The theological and mathematical essays, notes, and orations of Barlaam which are accessible afford no sufficient reason to call him a humanist. In all probability, his writings were unknown to Petrarca; and Boccaccio distinctly says that he "has seen no single one of his works" (5). Neither is there enough data to testify to his wide education or exceptional knowledge of literature, in other words, no reason to believe that Barlaam possessed enough talent or cultural force to exert a great influence on his most talented and educated Italian contemporaries, the leading spirits of the epoch, such as Petrarca and Boccaccio. Therefore we cannot agree with the exaggerated estimation of Barlaam's influence upon the Renaissance which appears sometimes in excellent works. For example, a German scholar, G. Korting, observed: "When Barlaam, by his hasty departure from Avignon, had deprived Petrarca of the possibility of deeper knowledge of the Greek tongue and civilization, he destroyed thereby the proud structure of the future and decided for centuries the destiny of the European peoples. Small causes, great effects !" (6) A Russian scholar, Th. Uspensky, wrote on the same subject: "The vivid conception of the idea and importance of Hellenic studies with which the men of the Italian Renaissance were rilled, must be wholly attributed to the indirect and direct influence of Barlaam. Thus, great merit in the history of medieval culture be­longs to him.... On the basis of real facts, we may strongly affirm that he combined the best qualities of the scholarship then existing" (7).

The role of Barlaam in the history of the Renaissance was in reality much more modest. He was nothing but a rather imperfect teacher of the Greek language, who could impart the elements of grammar and serve as a dictionary, "containing," said Korelin, "very inexact information" (8).
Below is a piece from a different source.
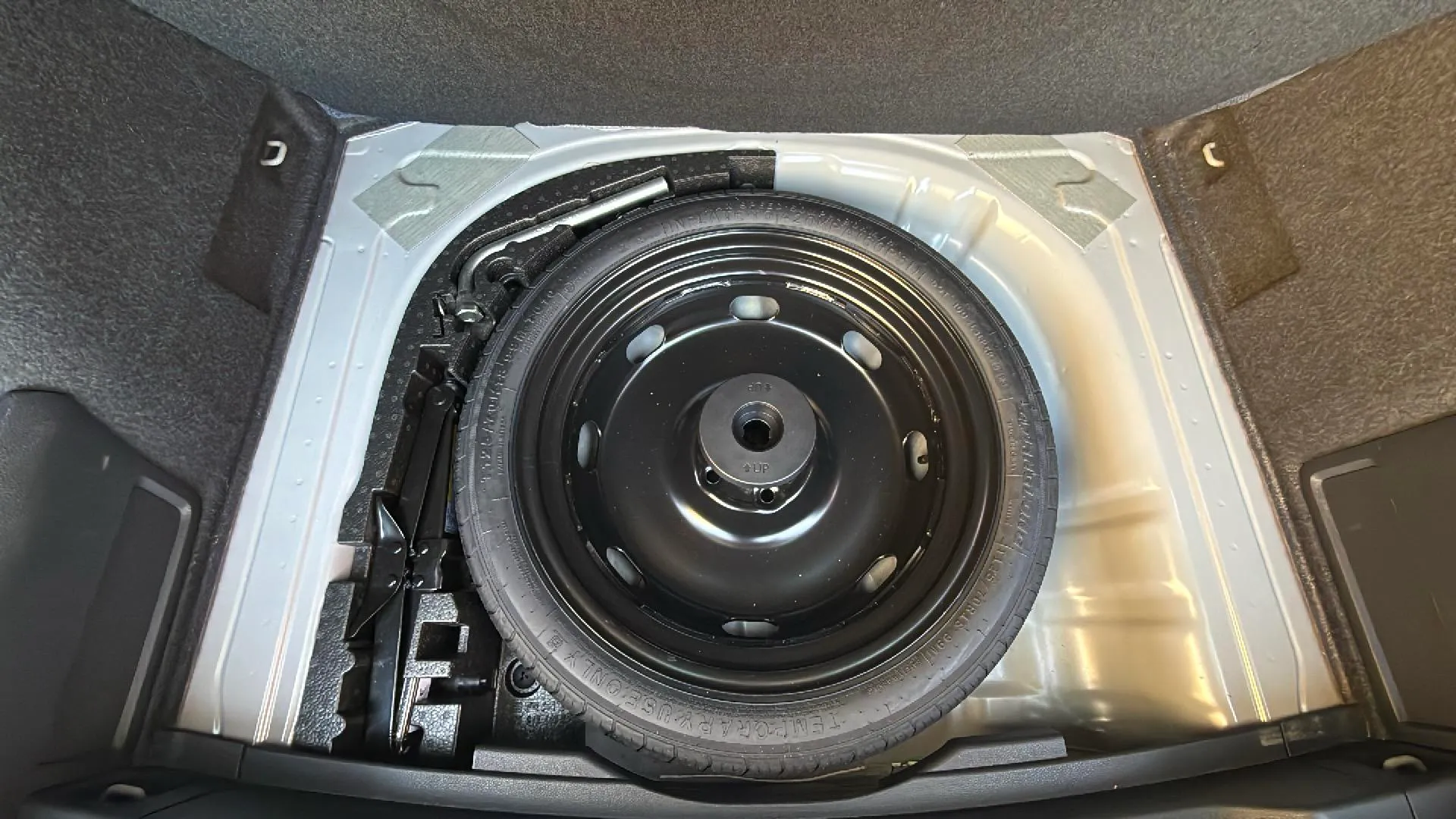 Škoda Karoq 1.5 TSI ACT Sportline - foto 25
The most cor­rect estimation of Barlaam's significance was given by A. Veselovsky : "The role of Barlaam in the history of earlier Italian humanism is superficial and casual.... As a medieval scholastic and enemy of Platonic philosophy, he could share with his Western friends only the knowledge of the Greek language and some fragments of erudition; but he was magnified by virtue of the hopes and expectations in which the genuine evolution of humanism expressed itself and to which he was unable to respond" (9).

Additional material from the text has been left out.